From New York Times bestselling author Kevin J. Anderson comes a pure adrenaline thriller of hijacked identities, elusive motives, and deeply buried secrets - a disturbing, thought-provoking excursion into a sleek, hedonistic society where nothing is your own...not even our soul.

For a fee, Eduard Swan will swap bodies with people in distress - those facing surgeries, emotional crises, moments of unpleasantness or discomfort they can't or would rather not deal with. Eduard will experience the suffering for them. It's a lucrative business, and in a world in which no one is required to feel any pain, there is no end of clients. But someone doesn't want to play by the rules. Someone doesn't want to return his body. And, unfortunately for Eduard, that someone is one of the world's most powerful men. Now Eduard has no choice but to steal back his life.

He has the perfect alibi - or so he thinks. For even in a world whre you can hopscotch from body to body, you always leave a trail. And following that trail is a relentless dispenser of "justice" named Daragon, a childhood friend, now a zealous and ambitious agent of state security, who won't let old friendships stand in the way of doing his duty.

When Eduard goes on the run, hounded at every turn by Daragon, his only hope is two other childhood friends: Garth, a tormented artist who gains success beyond his wildest dreams, only to discover the terrible price of fame; and Teresa, a spiritual seeker who risks losing her own body to a fanatical religious cult as she embarks on a harrowing quest to find her true identity.

Moving from underground hopscotch pleasure bars to the highest enclaves of power to a seamy underworld of illegal Phantoms, ancient minds who steal younger bodies in a quest for eternal life, Eduard and his friends seek the meaning of identity in a society in which appearances mean everything - and nothing - and where everything is relative...even murder.

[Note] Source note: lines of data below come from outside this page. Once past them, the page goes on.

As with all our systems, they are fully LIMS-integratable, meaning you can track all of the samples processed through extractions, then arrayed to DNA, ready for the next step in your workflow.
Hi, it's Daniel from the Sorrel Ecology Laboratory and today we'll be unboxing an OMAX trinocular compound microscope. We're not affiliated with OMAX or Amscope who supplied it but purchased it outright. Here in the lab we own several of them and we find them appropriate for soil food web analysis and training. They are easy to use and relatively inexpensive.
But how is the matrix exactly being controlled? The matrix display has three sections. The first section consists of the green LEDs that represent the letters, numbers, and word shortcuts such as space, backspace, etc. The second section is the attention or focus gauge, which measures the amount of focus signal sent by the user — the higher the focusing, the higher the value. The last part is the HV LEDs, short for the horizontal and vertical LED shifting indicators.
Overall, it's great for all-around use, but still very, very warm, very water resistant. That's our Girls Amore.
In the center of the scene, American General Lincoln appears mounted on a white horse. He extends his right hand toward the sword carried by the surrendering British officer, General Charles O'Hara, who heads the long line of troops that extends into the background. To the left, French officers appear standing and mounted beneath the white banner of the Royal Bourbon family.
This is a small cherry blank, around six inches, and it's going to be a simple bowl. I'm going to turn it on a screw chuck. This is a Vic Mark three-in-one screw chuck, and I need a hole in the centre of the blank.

I'll start with the one bad thing and get it out of the way. The characters were too perfect. I'm not saying they didn't make mistakes and such, but even the "bad" guy Daragon wasn't a bad person. These characters were different ranges of strange but they were all wonderfully nice and good intentioned people underneath the mistakes they made. I guess what I'm trying to say is that the characters lacked depth and dimension.

Or maybe that isn't actually a bad thing. I was really drawn in by these characters, and because they were such good people at the core, you really wanted them to turn out ok. They made me wish I had a group of friends that I was that close to. But then, if you could share your body with your friends and not just your clothes, it would have the effect of bringing you closer together...that is unless you live in a world where switching bodies was as normal as switching clothes.

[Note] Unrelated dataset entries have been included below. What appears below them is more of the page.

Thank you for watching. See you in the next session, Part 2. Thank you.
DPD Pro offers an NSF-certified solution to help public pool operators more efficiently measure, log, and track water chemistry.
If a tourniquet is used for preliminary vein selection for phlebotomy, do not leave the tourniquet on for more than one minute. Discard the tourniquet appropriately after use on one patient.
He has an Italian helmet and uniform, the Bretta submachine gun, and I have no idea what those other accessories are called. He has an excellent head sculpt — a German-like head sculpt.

I spent a lot of time while reading this book thinking about what it would be like to swap bodies. It would certainly be interesting to switch genders for example. And of course, if you can manage it, perpetually switching to a younger body would ensure immortality, though you'd be hardpressed to find a legal way to do this unless you were very, very rich. But there is always the risk of losing your body, whether you had to sell it for money, or someone stole it from you. It made me realize I'm rather attached to my body, I couldn't imagine someone borrowing it, dying, and then me being stuck forever in a form that wasn't mine. Even if it was a better body, stronger/healthier/prettier, it still wouldn't be *mine*. And if you wanted a body of say, a dancer, it doesn't mean you can dance. Your mind still wouldn't know the steps even though the body would give you the physical potential you may not have had before. I found all these implications of what a single new "power" far more fascinating than the story itself. Of course it was at the core of the story so perhaps they are actually one and the same.

So do I recommend this book? Yes, I do. For all its faults, it was thought-provoking and enjoyable. Will everyone like it? No, if your characters need to be real you'll may find your pleasure of the narrative soured by the "walking, talking, stereotypes" as I saw one review describe them.